OHAL kapsamında çıkardıkları bir kararname ile çevre ve şehircilik bakanlığına ormanları, meraları inşaata açmaya yetki verdiler. Yeni bir doğa talanı yapması başlatacaklar. OHAL kapsamında çıkarttıkları bütün kararlar deprem fırsatçılığıdır.
Görevi arama kurtarma olan AFAD’ın liyakatsiz atamalarla amacı dışında kullanılan bir kuruma dönüştürüldüğünü bu depremde bir kez daha gördük. Kurumun bütçesinin afet harcamalarından çok başka amaçlar için kullanıldığı bir kez daha ortaya çıktı. Afet harcaması 3 milyar lira, hizmet binası için harcanan para 2,5 milyar lira! Deprem cihazına ayrılması gereken kaynakları tanıtım faaliyetlerine çarçur eden bir kurum yarattılar. İşte bu yönetim zihniyetinin bir sonucu olarak AFAD’ın Hatay başta olmak üzere deprem bölgelerine 3. ve 4. Günde dahil olabildiğini onu da eksik personelle gerçekleştirebildiğini gördük. Bunun sorumlusu da bağlı olduğu bakanlık ve doğrudan cumhurbaşkanlığı hükümet sistemidir. Halkı enkaz altında bırakan, ölüme, soğuğa, açlığa mahkûm eden bu iktidardır. Hızlı karar alınan bir sistem deyip allayıp pulladılar, hızları görüldü, deprem bölgesine 72 saat sonra girebildiler. Ama ekranları karartmakta, tehditte, yasakçılıkta, sosyal medyayı engellemekte, dayanışmaya kayyum atamakta hiç geri kalmadılar.
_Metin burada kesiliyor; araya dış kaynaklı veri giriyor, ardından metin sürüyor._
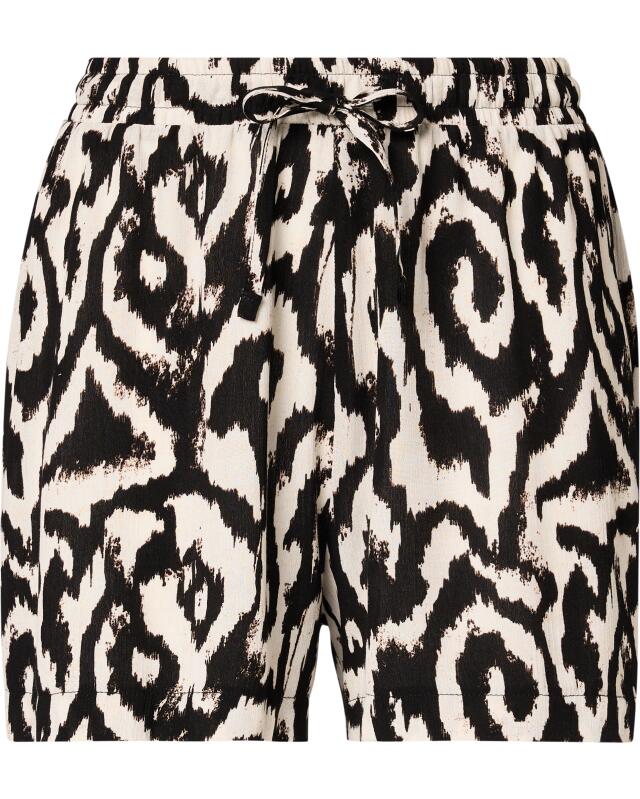 Short à motifs en viscose femme, noir/blanc (KiK Gemusterte Shorts aus Viskose (schwarz/weiß)) — KiK, produit allemand authentique au Maroc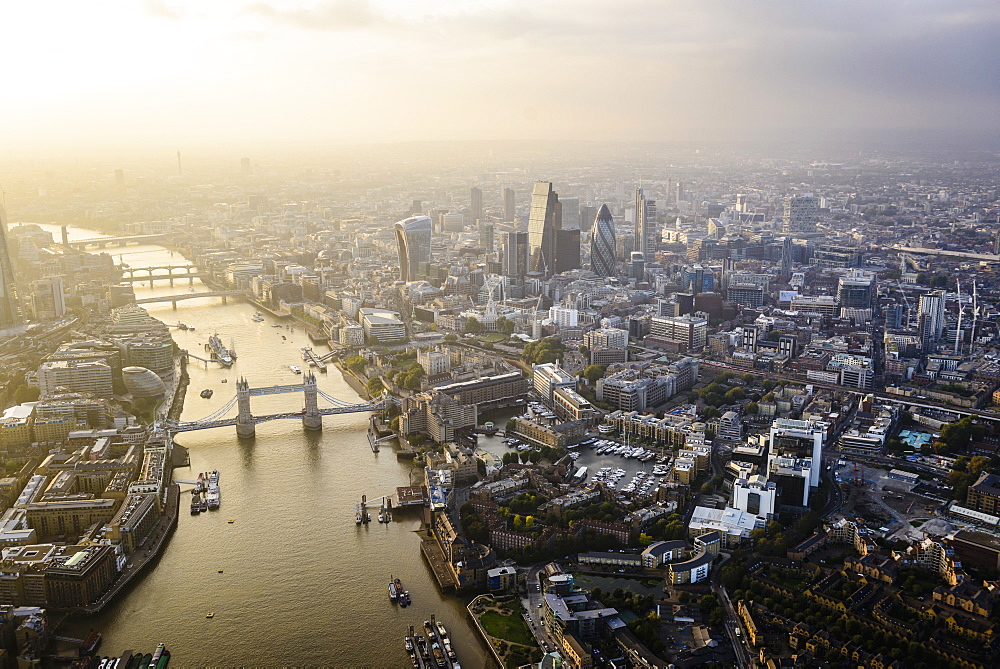 Aerial view of London cityscape and river, England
Yaşamların karartılmasında yoklar ama düşmanlıkta tam bir organize halde olduklarını hep birlikte gördük."
"ÜNİVERSİTELERİ DERHAL AÇIN"
"Buradan bir kez daha çağrı yapıyoruz üniversiteleri derhal açın öğrencilerin geleceğiyle oynamayın.
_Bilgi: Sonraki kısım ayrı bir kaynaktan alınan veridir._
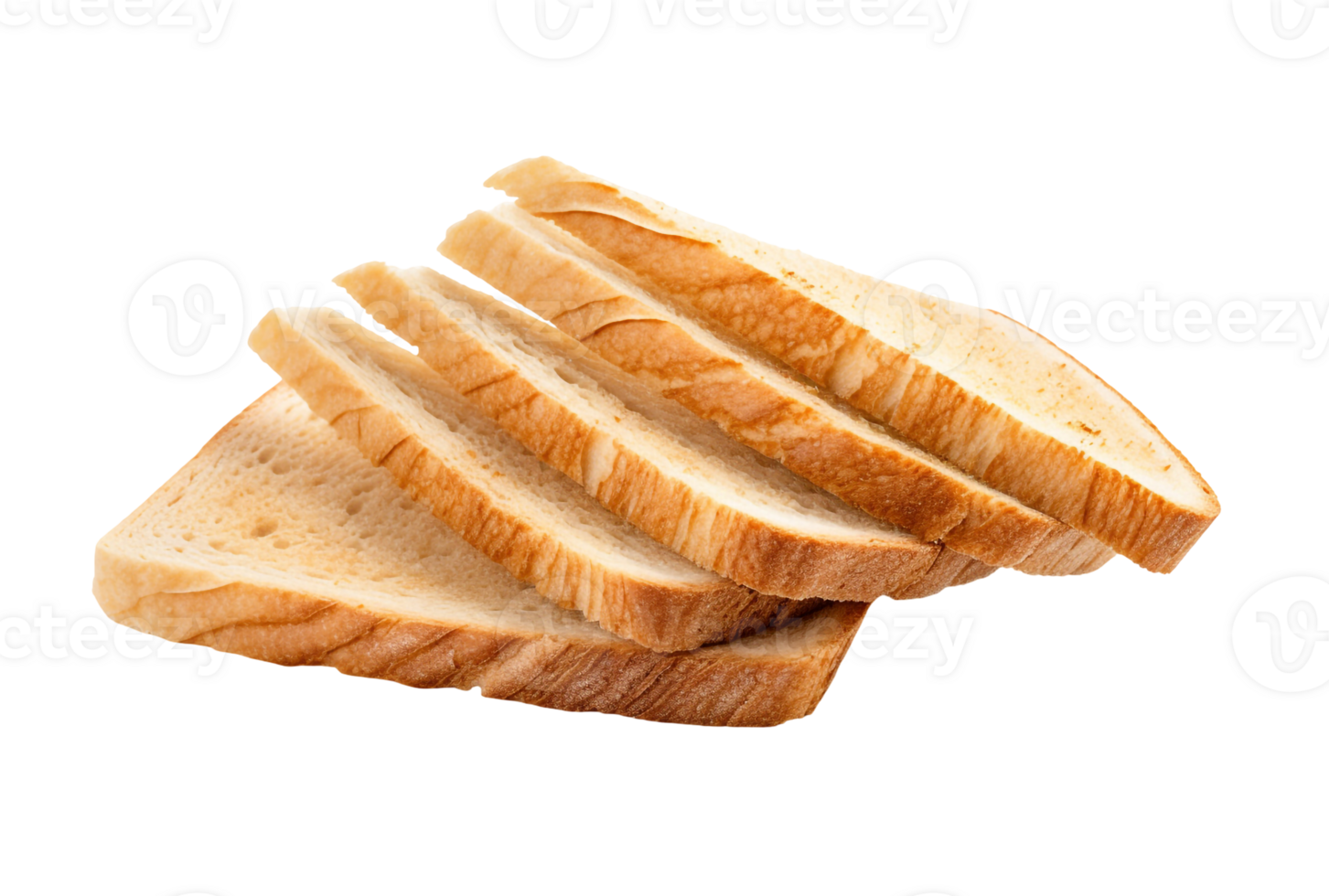 Group of Bread Slices Floating on Transparent Background png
Çıkıp bir de hiçbir sorumlulukları yokmuş gibi pişkince konuştuklarına tanık olduk. Ufak tefek sorunlar yaşandı diye olayı geçiştirmeye çalıştıklarına tanık olduk. Bu depremde asrın yüzsüzlüğünü gördük. Bunların en son ne zaman utandığını hatırlayan yok. Çünkü bunlarda utanma yok."
"HALK SİZİN YÜZÜNÜZDEN CANINI VERDİ, DAHA NE VERSİN"
"On binler enkaz altında çığlık atarak can verdi, AKP Genel başkanı helallik istiyor, bu halk size hakkını asla helal etmeyecek. Halk sizin yüzünüzden canını verdi daha ne versin!
Sizi bu siyasi enkazdan liyakatsiz AFAD’ınız bile kurtaramaz. İstifa edeceksiniz ve hesap vereceksiniz. Siz halktan bir şey isteme konumuna değilsiniz, halka hesap vermek zorundasınız hesap da vereceksiniz. Hükümet istifa seslerine kulaklarınızı tıkayamazsınız. Yamanız gereken sorumluluğunuzu kabul ederek istifa etmenizdir."
"TEK BİLDİKERLİ YASAKÇILIK"
"Hükümetin küçük ortağı da çıkmış maçlar seyircisiz yapılsın diyor. Tek bildikleri şey yasakçılık. Seyircisiz maç, muhalefetsiz siyaset, denetimsiz bina, seçmensiz seçim, öğrencisiz üniversite, ekransız medya. Biz de diyoruz ki AKP ve MHP’siz bir Türkiye."
"KIZILAY'IN ÖNÜNDE AÇIKLAMA YAPACAĞIZ"
"Kızılay’la ilgili görüşlerimizi, bu kürsüden değil, milletvekili arkadaşlarımla birlikte, Kızılay’ın önüne, şimdi buradan çıkıp giderek açıklamamızı orada yapacağımızı ifade ediyor, teşekkür ediyorum."